North America’s biggest cryptocurrency exchange Coinbase will be hiking fees for low-volume cryptocurrency traders on its Coinbase Pro platform, starting Monday. The Coinbase Pro platform is meant for traders but retail investors can also create accounts on it.
The exchange currently charges a flat 0.25% fee for takers (or traders who take only one side of a trade) and 0.15% as fee for market makers (or traders who take both sides of a trade) of the trading volume. The volume is calculated based on the trailing 30-day volume of the account.
Monday onwards, the exchange will introduce a fee schedule that decreases with the volume being traded. Those trading amounts less than $10,000 are the hardest hit with fees of 0.50% as both maker and taker fees.
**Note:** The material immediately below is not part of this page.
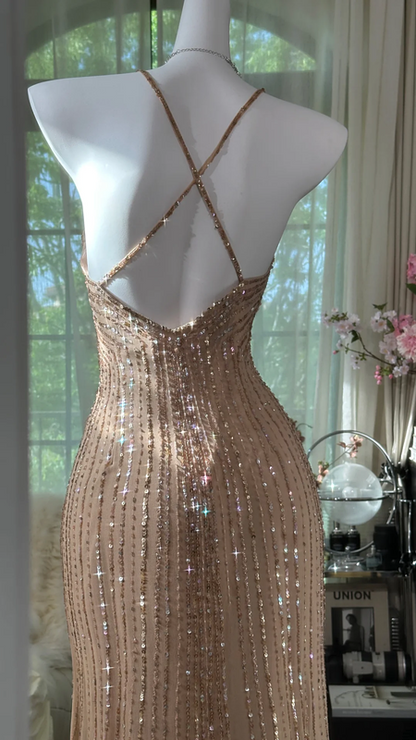 Light pink sequined halter-neck fitted bodycon long ball gown R7605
For amounts greater than $10,000 and less than $50,000, traders will have to pay 0.35% of the total volume. Essentially, the smaller the amount the greater the fee on Coinbase Pro.
In a post on its site, the exchange explained away the changes as a “slight increase” in fees and stated that the new fee structure will increase depth and liquidity of our markets.
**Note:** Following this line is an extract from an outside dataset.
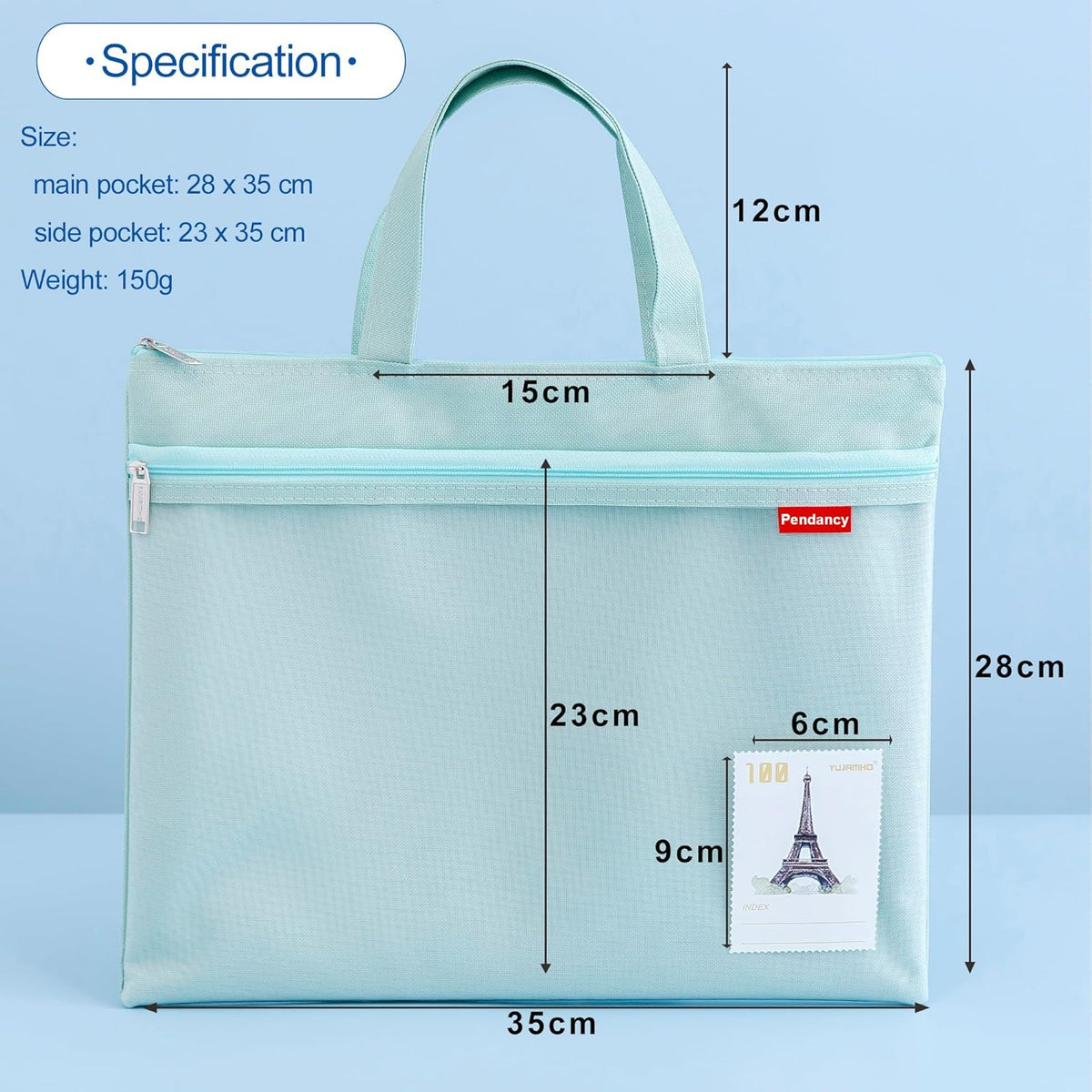 Mesh Zipper Pouch A4 Size, Large Double Pocket Waterproof File Bag with Handle, 11x13.8 in Foldable Document Storage for Puzzle Project/Cross Stitch/Travel/Office（Advanced Pink）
That may be true. High-volume customers, such as institutional investors, bring heft and liquidity to trading markets. Such customers will witness a decrease in their trading fees on Coinbase Pro. For example, maker fees for amounts greater than $50 million are zero and the taker fees for trading volume amounts greater than $1 billion is a mere 0.04%.
A Market for Binance?
According to crypto trader Joe McCann, Coinbase’s fee hike is a bid to mop up revenues from low trading volumes. Whether that may or may not be the case, the move is bound to end up in defection of low-volume traders to other exchanges.
It is interesting to note that Coinbase came into the spotlight as an exchange for retail investors. Its ease-of-use and fiat conversion capabilities is a contrast to the complex and convoluted onboarding system at other exchanges. At the height of crypto mania, towards the end of 2017, reports claimed that the exchange had more customers than brokerage giant Charles Schwab. (Though it is a moot point whether those accounts are actively trading currently).
The exchange’s latest move to hike fees penalizes the same retail investors and rewards institutional investors who are beginning to make their presence felt in crypto markets.
It also carves out a market niche for Binance, the world’s biggest cryptocurrency exchange by trading volume. Binance US is taking registrations currently and has zero trading fees until Nov 1. After that date, it intends to charge a flat fee of 0.1% per trade. The Malta-based exchange has not divulged its plan for high-volume traders, restricting itself to stating that it plans to charge an “adjusted fee schedule” based on their trading volume.